Only a verbatim restatement of the lines from the one with "Une photo de" through the end of the listing below is wanted. Pictures should be left out.

* _COLLECTED DATA_
┌──
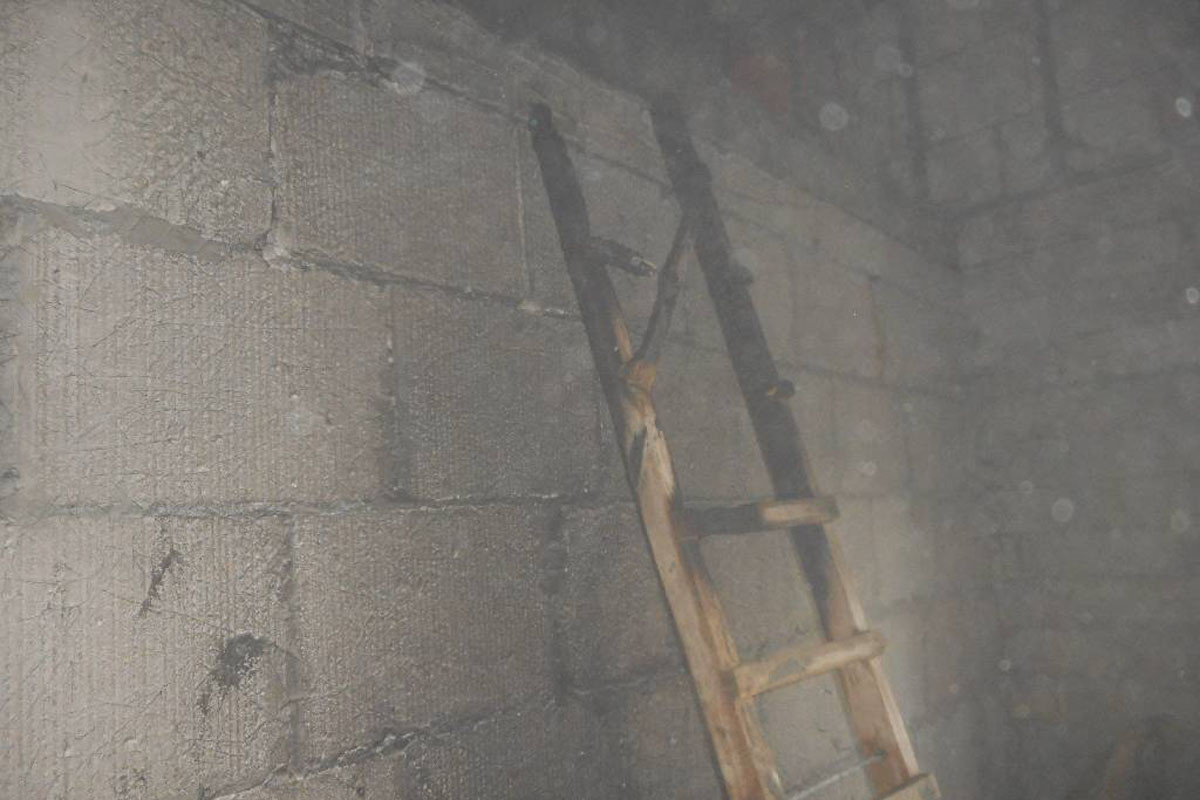 16 июня 2015 года в 15 часов 20 минут произошел  пожар по улице Гоголя, о котором в центр оперативного управления Бобруйского горрайотдела  по ЧС сообщила прохожая гражданка, пояснив, что видит дым, который выходит из  недостроенного здания коттеджа.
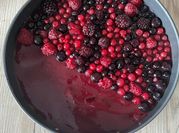 Une photo de cheesecake speculoos fruits rouges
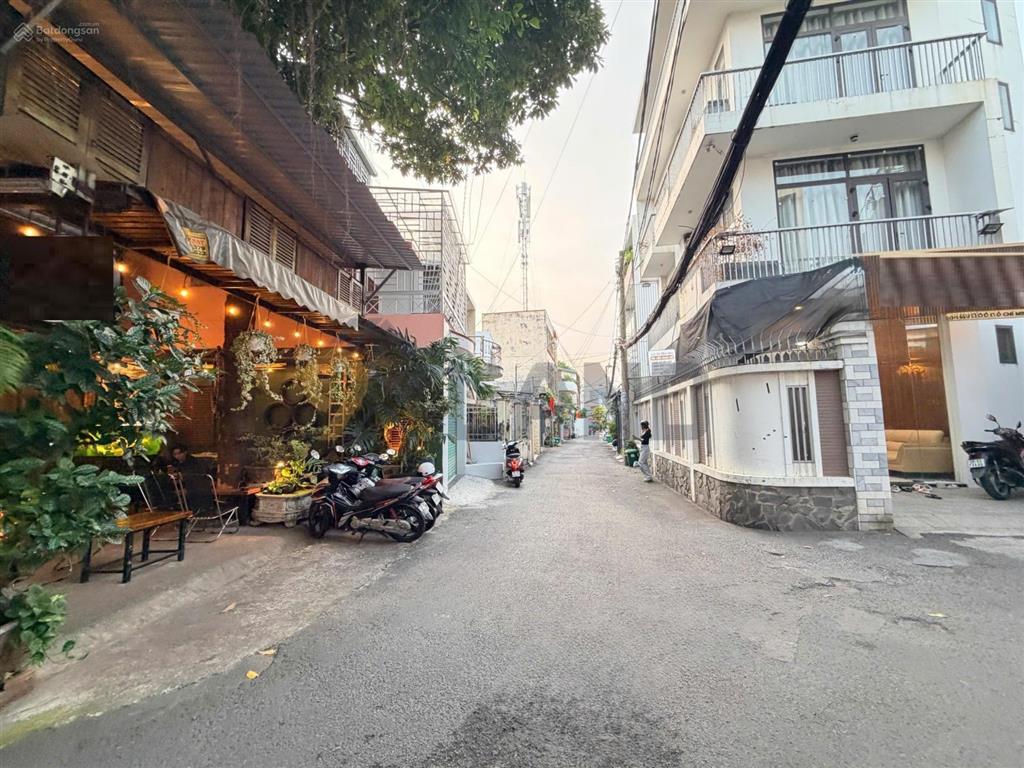 Nhà mặt tiền 3 tầng  đường oto thông  gần vincom thủ đức  nhỉnh 6 tỷ tl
└──
* _ANSWER TO THIS PROBLEM_
 Une photo de cheesecake speculoos fruits rouges
 Nhà mặt tiền 3 tầng  đường oto thông  gần vincom thủ đức  nhỉnh 6 tỷ tl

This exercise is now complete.